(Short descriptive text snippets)
──────────────────────────────
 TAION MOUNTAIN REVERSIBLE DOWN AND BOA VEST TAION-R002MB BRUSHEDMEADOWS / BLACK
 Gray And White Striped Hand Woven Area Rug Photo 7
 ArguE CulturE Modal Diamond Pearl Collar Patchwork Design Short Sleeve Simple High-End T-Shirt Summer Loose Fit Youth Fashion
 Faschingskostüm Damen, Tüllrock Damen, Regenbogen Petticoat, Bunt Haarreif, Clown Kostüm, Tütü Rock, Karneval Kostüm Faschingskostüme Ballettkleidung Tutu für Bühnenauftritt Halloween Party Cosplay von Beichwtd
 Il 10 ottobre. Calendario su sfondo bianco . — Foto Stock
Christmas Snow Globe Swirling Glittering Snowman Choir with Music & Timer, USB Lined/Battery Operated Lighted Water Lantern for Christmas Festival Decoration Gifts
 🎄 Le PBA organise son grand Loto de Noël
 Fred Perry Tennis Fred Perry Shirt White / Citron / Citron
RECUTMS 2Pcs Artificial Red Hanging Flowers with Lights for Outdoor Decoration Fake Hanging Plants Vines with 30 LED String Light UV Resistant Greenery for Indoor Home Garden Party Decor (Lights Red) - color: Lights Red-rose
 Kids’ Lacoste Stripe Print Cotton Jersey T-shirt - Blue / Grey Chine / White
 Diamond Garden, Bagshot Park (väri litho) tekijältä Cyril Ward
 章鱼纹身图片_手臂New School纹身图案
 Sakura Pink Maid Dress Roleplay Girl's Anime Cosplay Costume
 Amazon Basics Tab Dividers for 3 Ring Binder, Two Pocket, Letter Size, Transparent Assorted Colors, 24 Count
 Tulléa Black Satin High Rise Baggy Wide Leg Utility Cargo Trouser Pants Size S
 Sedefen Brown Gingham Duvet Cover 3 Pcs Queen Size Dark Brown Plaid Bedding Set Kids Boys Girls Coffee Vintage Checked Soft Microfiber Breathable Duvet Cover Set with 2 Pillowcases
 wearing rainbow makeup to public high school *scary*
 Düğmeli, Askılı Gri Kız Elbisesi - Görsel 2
──────────────────────────────
** Required action **
Give back only the lines from the one containing "Loto de Noël" through the final line of the entries above, exactly as written, both included.

** Response to this exercise **
 🎄 Le PBA organise son grand Loto de Noël
 Fred Perry Tennis Fred Perry Shirt White / Citron / Citron
RECUTMS 2Pcs Artificial Red Hanging Flowers with Lights for Outdoor Decoration Fake Hanging Plants Vines with 30 LED String Light UV Resistant Greenery for Indoor Home Garden Party Decor (Lights Red) - color: Lights Red-rose
 Kids’ Lacoste Stripe Print Cotton Jersey T-shirt - Blue / Grey Chine / White
 Diamond Garden, Bagshot Park (väri litho) tekijältä Cyril Ward
 章鱼纹身图片_手臂New School纹身图案
 Sakura Pink Maid Dress Roleplay Girl's Anime Cosplay Costume
 Amazon Basics Tab Dividers for 3 Ring Binder, Two Pocket, Letter Size, Transparent Assorted Colors, 24 Count
 Tulléa Black Satin High Rise Baggy Wide Leg Utility Cargo Trouser Pants Size S
 Sedefen Brown Gingham Duvet Cover 3 Pcs Queen Size Dark Brown Plaid Bedding Set Kids Boys Girls Coffee Vintage Checked Soft Microfiber Breathable Duvet Cover Set with 2 Pillowcases
 wearing rainbow makeup to public high school *scary*
 Düğmeli, Askılı Gri Kız Elbisesi - Görsel 2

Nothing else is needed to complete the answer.